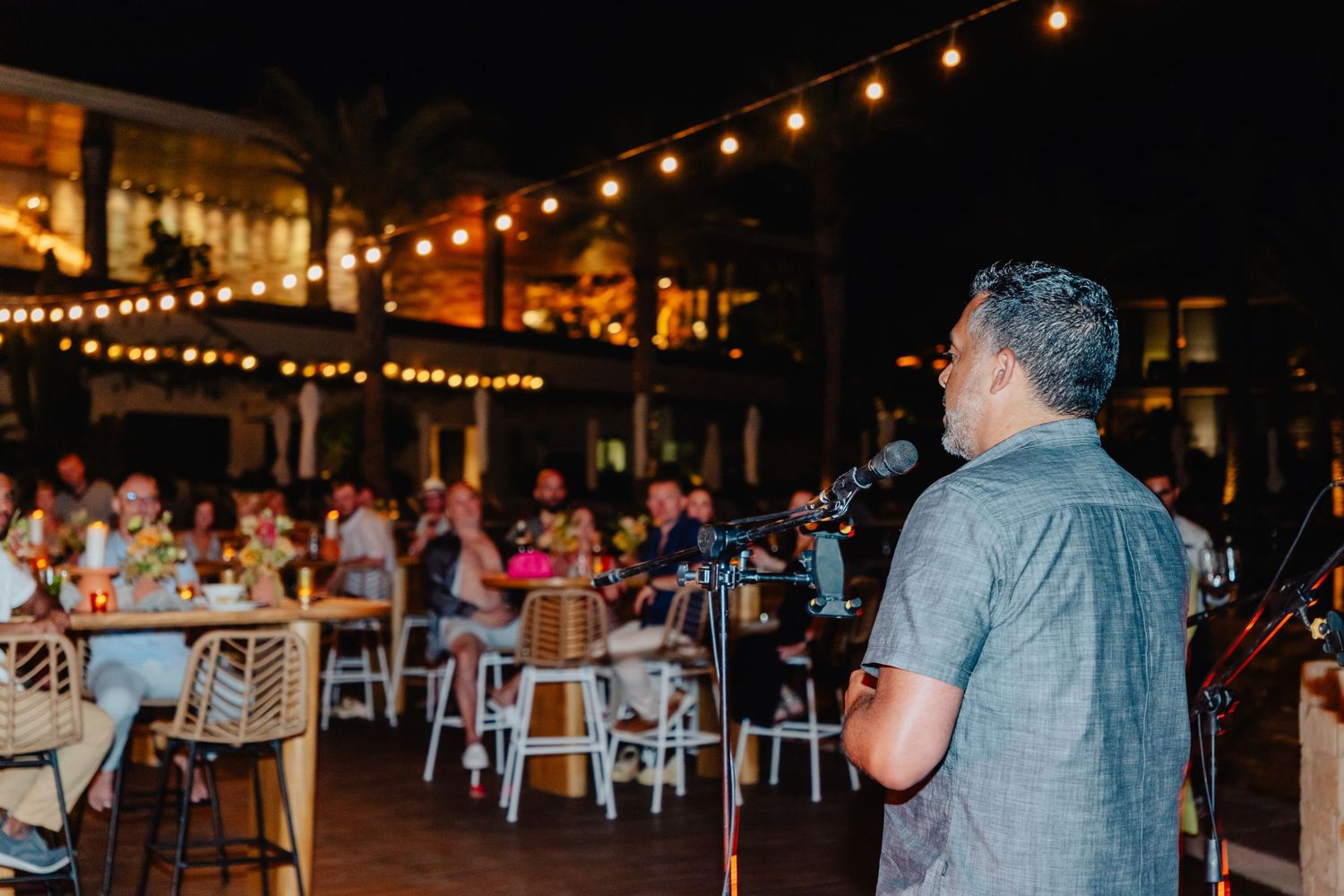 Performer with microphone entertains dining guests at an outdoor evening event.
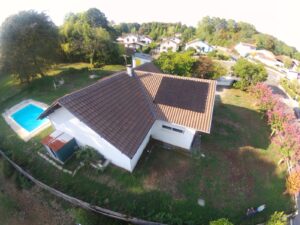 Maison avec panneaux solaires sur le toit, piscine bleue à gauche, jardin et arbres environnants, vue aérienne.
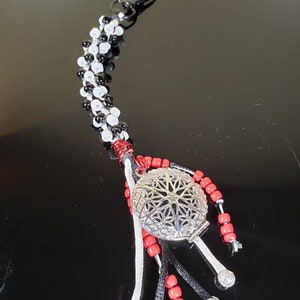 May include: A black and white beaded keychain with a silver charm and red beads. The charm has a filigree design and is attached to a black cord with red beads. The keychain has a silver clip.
☆ ☆ ☆
### Exercise
Only the lines from the one with "Maison avec panneaux" through the end of the listing should be transcribed, exactly and without pictures.

### Task response
 Maison avec panneaux solaires sur le toit, piscine bleue à gauche, jardin et arbres environnants, vue aérienne.
 May include: A black and white beaded keychain with a silver charm and red beads. The charm has a filigree design and is attached to a black cord with red beads. The keychain has a silver clip.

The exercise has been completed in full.